Problem statement:
Span requested from the data below: the line with "Силіконовий чохол SOFT" through the line with "Purple Dress with", both included. Give only these lines again, exactly, and leave every picture out.

%%

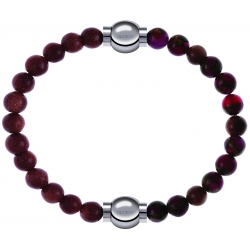 Apollon - Collection MiX Femme - pierre de soleil - diamètre 6mm - longueur 9,25cm + agate rouge, bronzite, pierre de so…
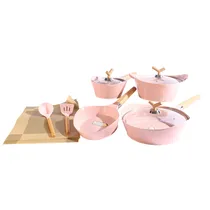 Juego de Olla 15PZS Pink
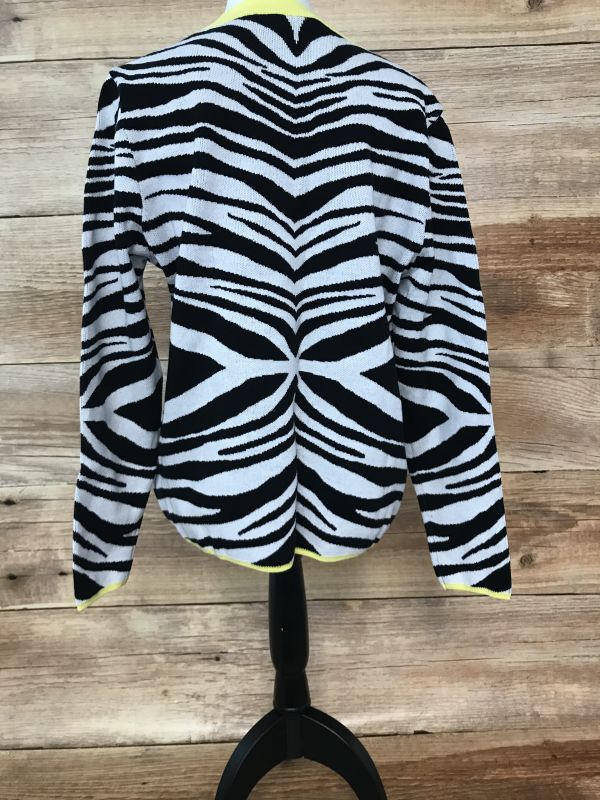 Body Flirt Zebra Print Jumper with Yellow Trim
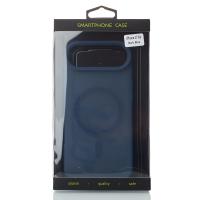 Силіконовий чохол SOFT MATT з підтримкою MagSafe для iPhone 17 AIR dark blue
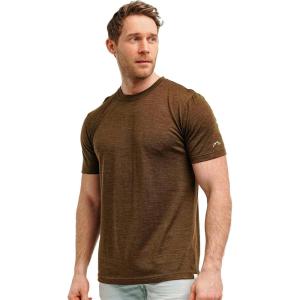 Merino.tech Merino Wool T-Shirt Mens – 100% Merino Wool Undershirt Lightweight Base Layer(.Turtle Green)
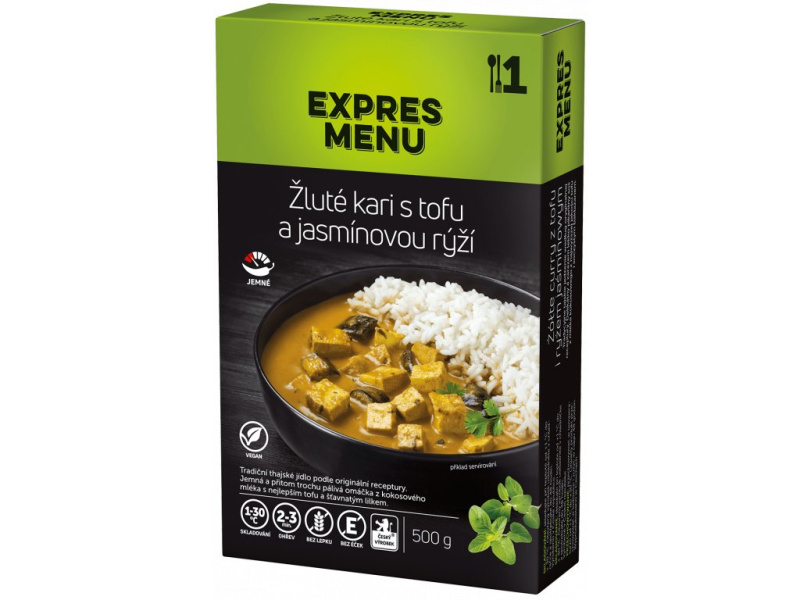 EXPRES MENU KM Žluté kari s tofu a jasmínovou rýží
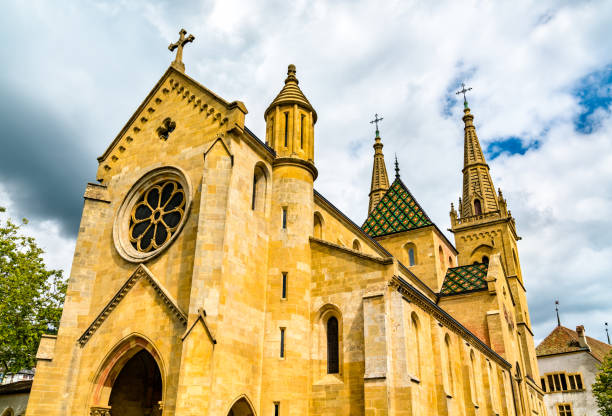 istock Collegiate church in Neuchatel, Switzerland 1312205460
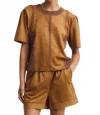 Melissa Nepton Inti Top In Amber Suede In Brown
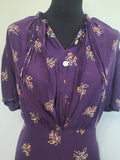 Purple Dress with Bow Print <br> (B-40" W-30" H-37")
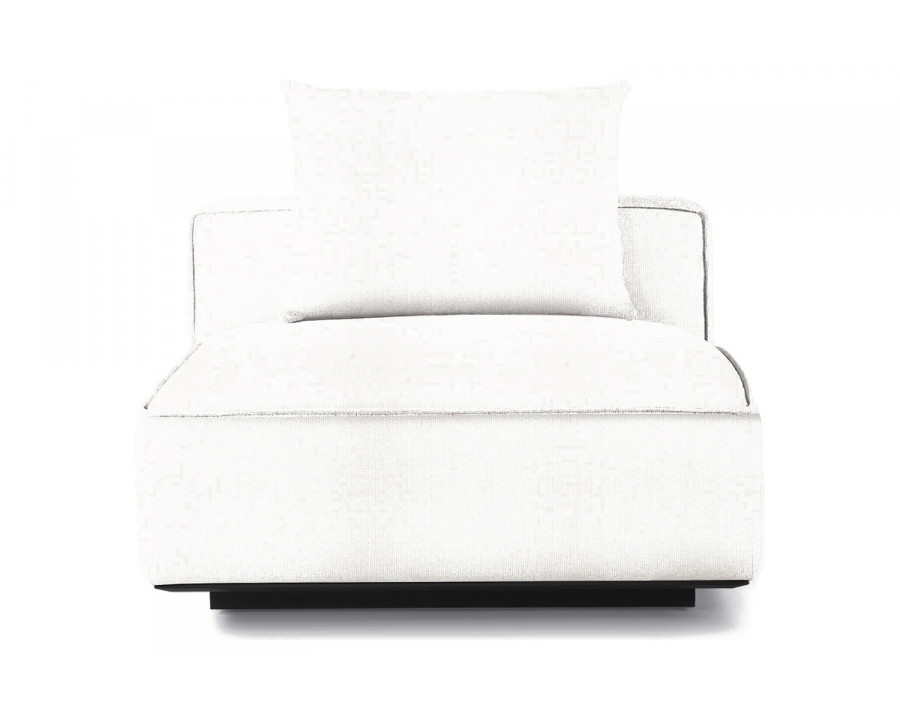 Harbour Santorini Outdoor Armless Single - Aluminum Asteroid, Siesta Ivory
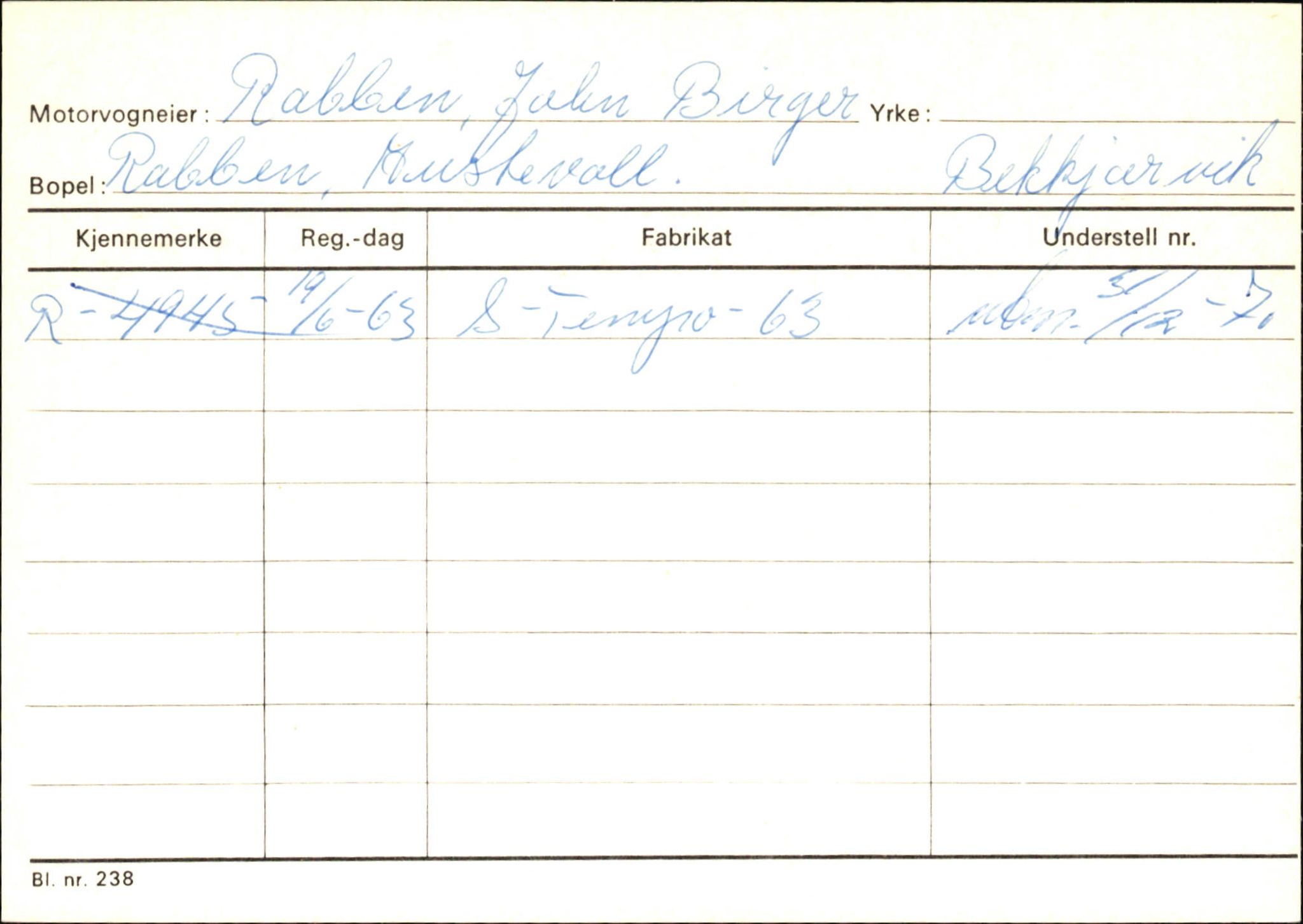 Statens vegvesen, Hordaland vegkontor, AV/SAB-A-5201/2/Ha/L0044: R-eierkort Q-R, 1920-1971, p. 32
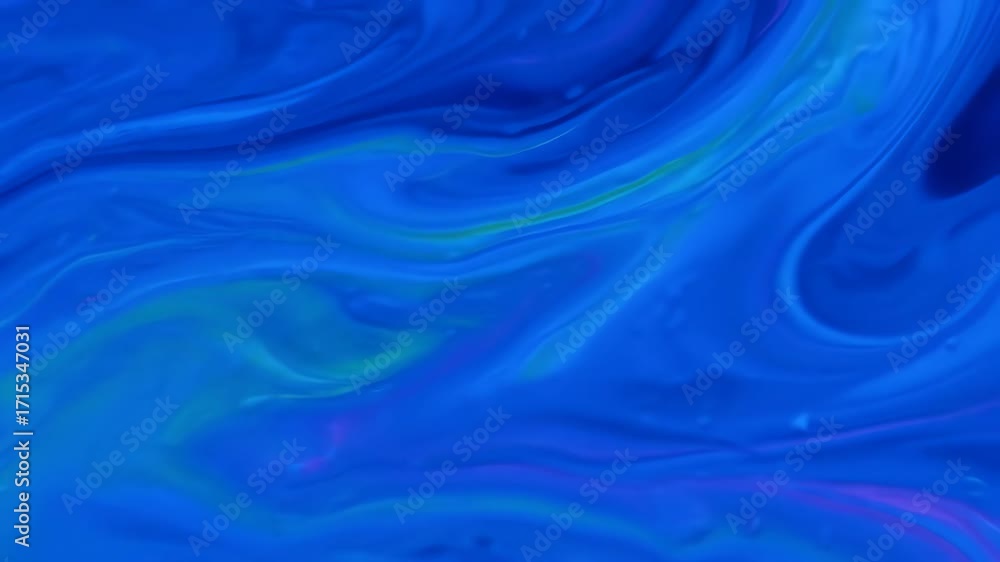 Wall mural seamlessly looping video of slow-moving liquid neon light creating an ethereal abstract flow vibrant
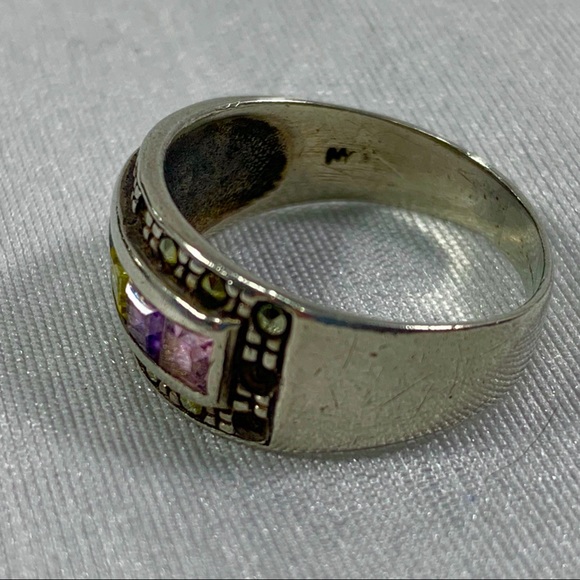 Multi stone ring, size 7.5 - Picture 2 of 6
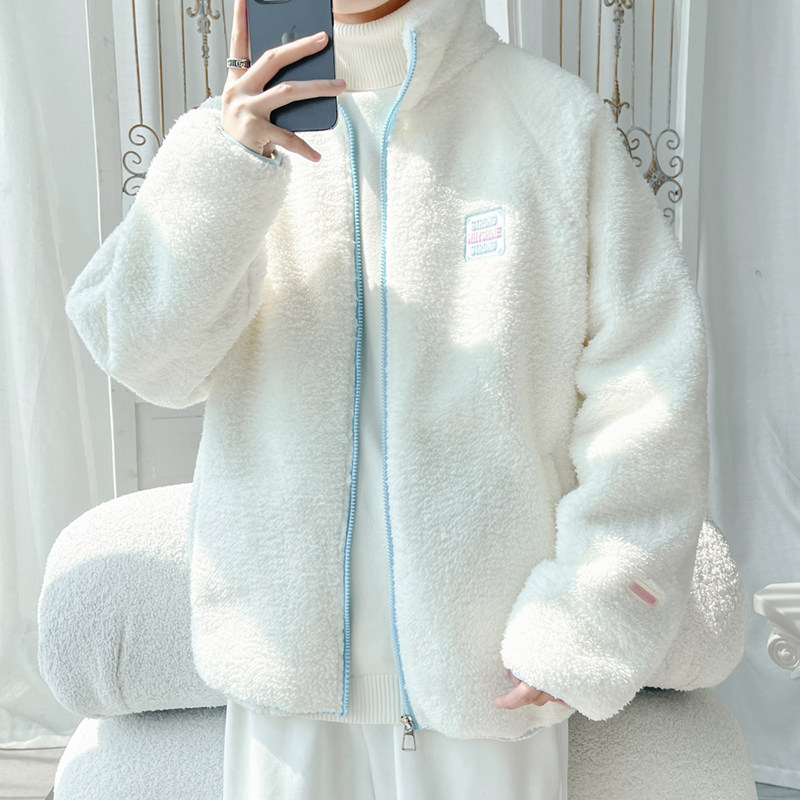 2024 冬季新款 旋律风车大码羊羔毛保暖外套M-5X HM24872-P75,男装,棉衣,淘宝优惠券,粉丝福利购,淘宝优惠卷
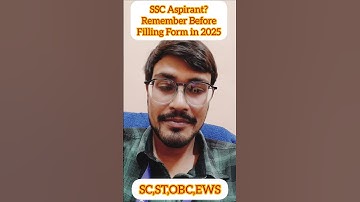 SSC Aspirant?Remember Before Filling Form in 2025/SC,ST,OBC,EWS#shorts#ssc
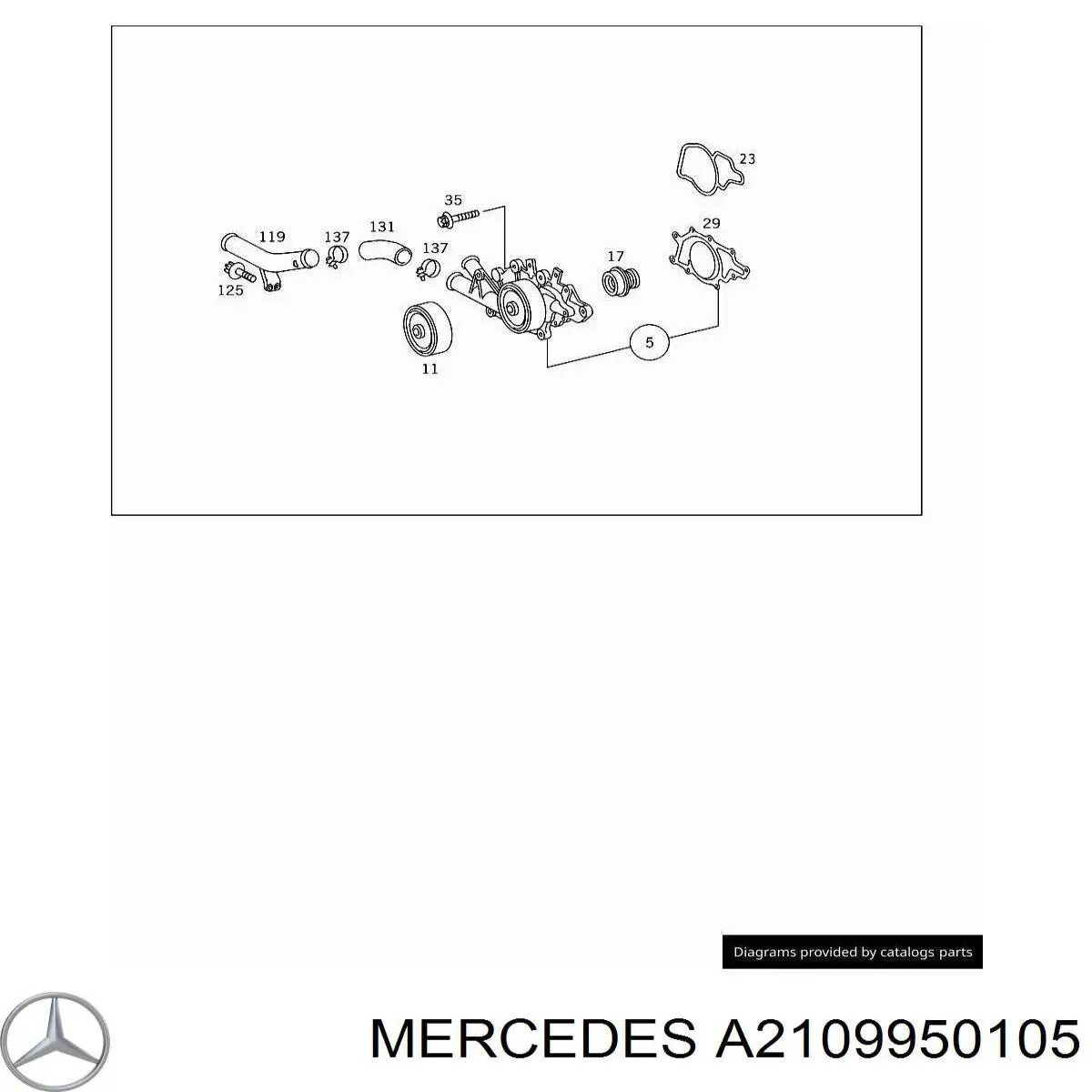 A2109950105 Mercedes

%%

Result:
 Силіконовий чохол SOFT MATT з підтримкою MagSafe для iPhone 17 AIR dark blue
 Merino.tech Merino Wool T-Shirt Mens – 100% Merino Wool Undershirt Lightweight Base Layer(.Turtle Green)
 EXPRES MENU KM Žluté kari s tofu a jasmínovou rýží
 istock Collegiate church in Neuchatel, Switzerland 1312205460
 Melissa Nepton Inti Top In Amber Suede In Brown
 Purple Dress with Bow Print <br> (B-40" W-30" H-37")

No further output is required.